I’m so excited to share the results of my inexpensive foyer makeover for the One Room Challenge, completed just six (actually five) short weeks (gasp)! 

YAY! A few weeks back – six to be exact – I shared my plans to make-over my foyer for my third One Room ChallengeAlthough I get a big fat fail on updating you on the progress of said make-over, I hope you’ll forgive me when you’ve seen what I’ve accomplished. For all the pretty pictures, keep scrolling for major Before & After action!


Let’s start at the beginning. My foyer, while not horrendous, felt incomplete and didn’t compliment and flow into the adjoining rooms. The area didn’t reflect our style. More than anything it had carpeted stairs – I hate carpet on the stairs!


As you can tell, we’ve made a few changes. 🙂

MUCH NEEDED STAIRCASE MAKE-OVER// We removed the carpet from the stairs, during which I spent a lot of time wishing I’d vacuumed more often #gross. After a whole lot of filling and sanding on the stair treads, we painted and stenciled the entire area. During that process, it seemed like a good idea to continue the board and batten already in the foyer up to the wall of the staircase as well. That had not been in the initial plan, but it made sense.

LIGHT FIXTURE// The light fixture WAS terrible. I found a way-out-of-my-budget gorgeous light fixture at Anthropologie but then found a fabulous tutorial on making my own version. I’ll be sharing how I made the light in the next few weeks.
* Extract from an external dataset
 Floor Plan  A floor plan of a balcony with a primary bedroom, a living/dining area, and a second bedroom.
DIY FLOATING CONSOLE TABLE AND OTTOMANS // With only enough space for a console table in the front entrance, there wasn’t any for seating. To get around this, we decided on a DIY floating console table that would allow for ottomans underneath. Look for an upcoming tutorial on how I made the console table out of an inexpensive chest of drawers!

PET STATION// We needed a pet station to store leashes and business-bags. Luckily, the new and larger floating table allowed for both storing our pet leashes and business-bags, as well as the necessary hat and glove storage.

MODERN ECLECTIC ACCENTS // I found a few accents at Target, with the once-black mirror getting a quick paint job.

RUG // I went through more than one rug during this project. An awkward space, the entry way in my home, requires a 4’x6′ rug that I found hard to find. I settled on this wide-striped rug, also found at Target, in a 5’x8′ and customized it to my space. I’ll be sharing a tutorial on how to customize a rug in another post. The indoor/outdoor carpet ensures it will hold up to the steady traffic and will be easy to keep clean.

PAINTED DOOR // The added bold blue to the door completed the project!

THE DESIGN INFLUENCE // The foyer is flanked by four – yes, four – other rooms,  all that have received more of our love and attention.

The office and living room are both ongoing projects that are slowly evolving to the look and feel we strive for. We recently updated the powder room, and of course, made-over the Dining room/playroom during my first One Room Challenge. Every room has elements of my favorite style – a mostly neutral palette with a mostly traditional vibe, but with a side of the eclectic and whimsy. Don’t forget the mandatory splashes of bold color and pattern!

And now.. the foyer is in perfect balance with them all!

One more time!



I couldn’t be more thrilled with the results! a HUGE Thank you to Linda for organizing the One Room Challenge. The One Room Challenge is a LOT of hard work, but it’s also ridiculously fun for me.  I’m so grateful to be able to do what I love and to be able to share it all with you.  It’s pretty much my favorite.